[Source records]
----------------------------------------
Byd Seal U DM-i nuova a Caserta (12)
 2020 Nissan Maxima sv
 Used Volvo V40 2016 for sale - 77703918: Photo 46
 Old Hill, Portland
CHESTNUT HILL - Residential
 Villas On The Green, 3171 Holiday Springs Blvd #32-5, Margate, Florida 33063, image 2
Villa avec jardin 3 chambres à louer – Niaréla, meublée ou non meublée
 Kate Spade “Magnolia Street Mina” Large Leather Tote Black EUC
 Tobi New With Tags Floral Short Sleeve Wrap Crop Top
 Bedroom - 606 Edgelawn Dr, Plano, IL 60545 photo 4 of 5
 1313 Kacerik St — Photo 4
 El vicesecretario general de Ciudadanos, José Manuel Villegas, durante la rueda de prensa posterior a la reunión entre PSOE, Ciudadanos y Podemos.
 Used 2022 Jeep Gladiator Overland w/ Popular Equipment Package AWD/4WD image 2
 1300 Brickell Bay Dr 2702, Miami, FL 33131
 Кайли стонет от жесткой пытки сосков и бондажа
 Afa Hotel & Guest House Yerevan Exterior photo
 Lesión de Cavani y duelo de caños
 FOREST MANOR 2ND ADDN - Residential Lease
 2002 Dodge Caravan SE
----------------------------------------
Provide all the records again, word for word.

* **Solved exercise**:
Byd Seal U DM-i nuova a Caserta (12)
 2020 Nissan Maxima sv
 Used Volvo V40 2016 for sale - 77703918: Photo 46
 Old Hill, Portland
CHESTNUT HILL - Residential
 Villas On The Green, 3171 Holiday Springs Blvd #32-5, Margate, Florida 33063, image 2
Villa avec jardin 3 chambres à louer – Niaréla, meublée ou non meublée
 Kate Spade “Magnolia Street Mina” Large Leather Tote Black EUC
 Tobi New With Tags Floral Short Sleeve Wrap Crop Top
 Bedroom - 606 Edgelawn Dr, Plano, IL 60545 photo 4 of 5
 1313 Kacerik St — Photo 4
 El vicesecretario general de Ciudadanos, José Manuel Villegas, durante la rueda de prensa posterior a la reunión entre PSOE, Ciudadanos y Podemos.
 Used 2022 Jeep Gladiator Overland w/ Popular Equipment Package AWD/4WD image 2
 1300 Brickell Bay Dr 2702, Miami, FL 33131
 Кайли стонет от жесткой пытки сосков и бондажа
 Afa Hotel & Guest House Yerevan Exterior photo
 Lesión de Cavani y duelo de caños
 FOREST MANOR 2ND ADDN - Residential Lease
 2002 Dodge Caravan SE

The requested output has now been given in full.